Comment 26•23 years ago
|
||
With sfraser's patch both thawte's try a SSL cert page and the wellsfargo.com acct sign in page load for me on OS X
Assignee | ||
Comment 27•23 years ago
|
||
Comment on attachment 66370 [details] [diff] [review] A hack for Mac's PR_ConnectContinue Thanks, Simon and Steve. So should I mark my patch obsolete?
Comment 28•23 years ago
|
||
Yes, but I'm not totally happy with my patch yet either. I don't like two calls to PrepareForAsyncCompletion() on the same thread. Maybe _MD_Poll should only call this after the CheckPollDescs() call?
Comment 29•23 years ago
|
||
*** Bug 121722 has been marked as a duplicate of this bug. ***
Comment 30•23 years ago
|
||
*** Bug 121683 has been marked as a duplicate of this bug. ***
Comment 31•23 years ago
|
||
*** Bug 121455 has been marked as a duplicate of this bug. ***
Comment 33•23 years ago
|
||
yes, it was landed on Friday
Comment 34•23 years ago
|
||
lowering severity to pull off of sheriff's radar since holding the tree won't help this get fixed any faster.
Severity: blocker → critical
Comment 35•23 years ago
|
||
Status: fixing Mac NSPR is turning out to be difficult, though needs to be done in the long run. For the branch, we need to back out some or all of the patch checked in for bug 106188 to fix this, but I can't do this before Monday. If anyone can try that and test, that would be great.
Comment 36•23 years ago
|
||
I did that yesterday - backing out #106188 definitely eliminates the hang on the Carbon build.

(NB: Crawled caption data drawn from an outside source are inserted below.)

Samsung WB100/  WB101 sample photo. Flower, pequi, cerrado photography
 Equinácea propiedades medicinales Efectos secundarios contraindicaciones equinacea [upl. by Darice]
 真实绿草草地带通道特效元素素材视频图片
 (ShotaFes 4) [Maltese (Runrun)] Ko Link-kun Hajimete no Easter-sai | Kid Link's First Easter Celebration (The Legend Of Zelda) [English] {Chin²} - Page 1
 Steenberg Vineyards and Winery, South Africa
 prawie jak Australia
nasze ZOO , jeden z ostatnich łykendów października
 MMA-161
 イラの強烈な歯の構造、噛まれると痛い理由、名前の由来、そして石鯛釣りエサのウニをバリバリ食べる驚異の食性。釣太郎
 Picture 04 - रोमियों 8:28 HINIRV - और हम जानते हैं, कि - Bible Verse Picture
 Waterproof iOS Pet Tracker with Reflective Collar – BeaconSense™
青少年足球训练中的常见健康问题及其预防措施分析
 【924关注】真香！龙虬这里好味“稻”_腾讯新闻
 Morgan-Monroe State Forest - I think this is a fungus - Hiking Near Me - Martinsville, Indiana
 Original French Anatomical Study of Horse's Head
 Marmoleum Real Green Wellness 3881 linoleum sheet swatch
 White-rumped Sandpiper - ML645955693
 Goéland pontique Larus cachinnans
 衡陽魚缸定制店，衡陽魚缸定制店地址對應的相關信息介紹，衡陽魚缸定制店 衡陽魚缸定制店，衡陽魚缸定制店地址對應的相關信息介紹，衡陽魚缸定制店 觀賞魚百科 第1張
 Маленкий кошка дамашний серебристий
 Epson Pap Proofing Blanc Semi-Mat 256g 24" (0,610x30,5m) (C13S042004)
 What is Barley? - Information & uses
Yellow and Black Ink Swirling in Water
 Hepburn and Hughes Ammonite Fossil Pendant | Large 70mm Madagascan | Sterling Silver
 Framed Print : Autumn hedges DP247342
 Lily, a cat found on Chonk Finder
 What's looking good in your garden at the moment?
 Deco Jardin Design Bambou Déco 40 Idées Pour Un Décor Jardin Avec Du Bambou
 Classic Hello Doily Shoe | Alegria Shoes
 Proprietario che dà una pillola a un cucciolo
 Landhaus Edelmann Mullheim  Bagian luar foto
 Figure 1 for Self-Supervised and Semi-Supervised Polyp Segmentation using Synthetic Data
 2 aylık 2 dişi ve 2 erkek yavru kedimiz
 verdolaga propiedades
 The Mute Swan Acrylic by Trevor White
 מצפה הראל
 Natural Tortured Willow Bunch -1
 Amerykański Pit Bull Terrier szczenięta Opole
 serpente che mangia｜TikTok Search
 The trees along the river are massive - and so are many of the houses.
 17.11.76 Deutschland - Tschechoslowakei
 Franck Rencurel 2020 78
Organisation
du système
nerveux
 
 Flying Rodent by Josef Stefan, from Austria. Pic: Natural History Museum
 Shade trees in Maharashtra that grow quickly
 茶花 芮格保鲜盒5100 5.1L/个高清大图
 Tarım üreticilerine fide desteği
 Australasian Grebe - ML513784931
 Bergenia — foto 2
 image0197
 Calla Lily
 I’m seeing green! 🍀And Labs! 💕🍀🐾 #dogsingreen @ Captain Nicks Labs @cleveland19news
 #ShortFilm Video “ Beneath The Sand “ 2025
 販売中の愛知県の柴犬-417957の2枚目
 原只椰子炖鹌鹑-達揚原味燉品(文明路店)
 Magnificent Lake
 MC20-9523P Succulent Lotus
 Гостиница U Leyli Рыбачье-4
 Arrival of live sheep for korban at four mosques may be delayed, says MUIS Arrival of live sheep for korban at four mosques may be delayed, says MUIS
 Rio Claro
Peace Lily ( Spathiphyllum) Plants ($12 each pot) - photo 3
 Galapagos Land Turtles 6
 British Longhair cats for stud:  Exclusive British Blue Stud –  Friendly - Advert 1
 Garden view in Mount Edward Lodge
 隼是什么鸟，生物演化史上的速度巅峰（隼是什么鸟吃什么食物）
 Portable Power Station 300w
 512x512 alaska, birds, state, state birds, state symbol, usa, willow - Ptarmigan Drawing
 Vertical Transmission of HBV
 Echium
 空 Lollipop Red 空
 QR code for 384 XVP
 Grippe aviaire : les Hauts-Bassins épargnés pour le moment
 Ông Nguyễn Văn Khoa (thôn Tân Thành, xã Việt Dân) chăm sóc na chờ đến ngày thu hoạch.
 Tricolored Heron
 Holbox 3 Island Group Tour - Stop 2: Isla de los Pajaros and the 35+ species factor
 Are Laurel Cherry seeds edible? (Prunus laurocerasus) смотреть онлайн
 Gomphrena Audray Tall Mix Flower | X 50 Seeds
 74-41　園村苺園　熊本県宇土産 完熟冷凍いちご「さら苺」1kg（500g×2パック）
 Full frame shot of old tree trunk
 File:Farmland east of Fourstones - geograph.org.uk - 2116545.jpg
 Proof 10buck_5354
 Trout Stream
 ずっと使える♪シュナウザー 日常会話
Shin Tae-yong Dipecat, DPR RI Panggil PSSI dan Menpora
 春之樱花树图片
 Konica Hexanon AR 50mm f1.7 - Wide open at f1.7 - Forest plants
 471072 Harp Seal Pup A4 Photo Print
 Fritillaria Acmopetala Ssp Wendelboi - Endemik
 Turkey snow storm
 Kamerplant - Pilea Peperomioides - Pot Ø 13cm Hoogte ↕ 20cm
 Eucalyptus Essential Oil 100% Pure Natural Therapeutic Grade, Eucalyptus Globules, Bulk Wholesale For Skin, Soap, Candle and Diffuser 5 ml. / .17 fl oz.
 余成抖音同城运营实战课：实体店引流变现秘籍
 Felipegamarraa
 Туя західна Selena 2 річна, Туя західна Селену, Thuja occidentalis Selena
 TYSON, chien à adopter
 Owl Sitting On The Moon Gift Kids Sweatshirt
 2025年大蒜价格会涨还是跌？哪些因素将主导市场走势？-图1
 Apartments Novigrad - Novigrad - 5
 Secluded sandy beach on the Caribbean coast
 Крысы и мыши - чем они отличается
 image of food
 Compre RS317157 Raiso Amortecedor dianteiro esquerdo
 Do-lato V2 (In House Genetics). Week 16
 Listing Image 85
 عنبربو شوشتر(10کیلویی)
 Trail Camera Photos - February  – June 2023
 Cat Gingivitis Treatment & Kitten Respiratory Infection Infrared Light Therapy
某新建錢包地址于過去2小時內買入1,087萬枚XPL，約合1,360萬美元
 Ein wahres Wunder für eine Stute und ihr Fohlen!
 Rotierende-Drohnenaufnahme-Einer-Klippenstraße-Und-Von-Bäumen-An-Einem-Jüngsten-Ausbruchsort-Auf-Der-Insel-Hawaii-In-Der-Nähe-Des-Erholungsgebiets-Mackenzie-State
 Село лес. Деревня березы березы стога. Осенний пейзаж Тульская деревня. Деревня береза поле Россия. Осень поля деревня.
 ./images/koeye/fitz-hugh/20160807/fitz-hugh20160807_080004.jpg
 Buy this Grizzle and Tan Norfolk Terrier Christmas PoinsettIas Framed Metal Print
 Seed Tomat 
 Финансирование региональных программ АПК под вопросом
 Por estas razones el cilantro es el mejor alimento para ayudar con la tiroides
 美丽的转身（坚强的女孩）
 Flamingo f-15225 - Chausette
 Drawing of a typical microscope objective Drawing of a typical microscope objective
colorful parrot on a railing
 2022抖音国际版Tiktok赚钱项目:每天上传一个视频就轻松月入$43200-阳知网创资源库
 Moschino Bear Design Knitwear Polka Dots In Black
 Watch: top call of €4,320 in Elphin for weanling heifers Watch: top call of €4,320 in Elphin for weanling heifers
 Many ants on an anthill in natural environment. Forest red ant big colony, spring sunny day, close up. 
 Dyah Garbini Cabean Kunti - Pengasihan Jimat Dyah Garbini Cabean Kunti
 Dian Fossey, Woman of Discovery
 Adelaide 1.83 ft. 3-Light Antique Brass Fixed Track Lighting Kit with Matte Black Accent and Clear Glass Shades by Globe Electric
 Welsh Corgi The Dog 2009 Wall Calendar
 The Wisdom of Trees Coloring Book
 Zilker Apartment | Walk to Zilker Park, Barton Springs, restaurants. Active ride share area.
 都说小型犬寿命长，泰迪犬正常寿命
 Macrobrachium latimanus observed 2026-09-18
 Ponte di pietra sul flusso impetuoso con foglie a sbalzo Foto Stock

I don't have a Classic build to try
Comment 37•23 years ago
|
||
*** Bug 121775 has been marked as a duplicate of this bug. ***
Comment 39•23 years ago
|
||
The patch to fix this is in bug 106188.
Comment 40•23 years ago
|
||
any objections to marking this bug a dup of 106188?
Comment 41•23 years ago
|
||
Yes :) That bug is about fixing blocking connects. This bug is about a problem in Mac NSPR (which we can't fix eaily enough to open the tree).
Reporter | ||
Comment 42•23 years ago
|
||
Do not mark this as a dupe. This bug was originally filed because the trunk of NSS (ie NSS 3.4) was not working on the Mac. This is a work in progress that has not landed on the NS_CLIENT_TAG yet. Somehow this bug turned into the SSL implementation of Mac Mozilla on the trunk of the Mozilla tree is broken. Even when the trunk of MOzilla's SSL implementation is fixed, the NSS 3.4 (ie trunk of NSS) implementation will still need to be fixed.
Assignee | ||
Comment 43•23 years ago
|
||
Javier is right. This bug is about a Mac freeze problem when using NSS 3.4. (Mozilla is using NSS 3.3.2.) This problem may or may not be the same as the freeze problem that you guys ran into with the regular Mozilla build. I've opened new Mac NSPR bugs to track the underlying bugs for the freeze of the regular Mozilla build. They are listed as the dependencies of bug 106188. If you are primarily interested in regular Mozilla builds, you should follow those two Mac NSPR bugs and remove yourself from the cc list of this bug.
Comment 44•23 years ago
|
||
Simon can we take par tof the fix in the bug you cited that fixes this problem? This is the last blocker keeping the tree closed today and I'm trying to get a feel for when we are going to have something so we can open the tree up.
Comment 45•23 years ago
|
||
I checked said patch into the trunk, so this is fixed. Note that bugs exist to fix Mac NSPR the right way (bug 121952, bug 121951).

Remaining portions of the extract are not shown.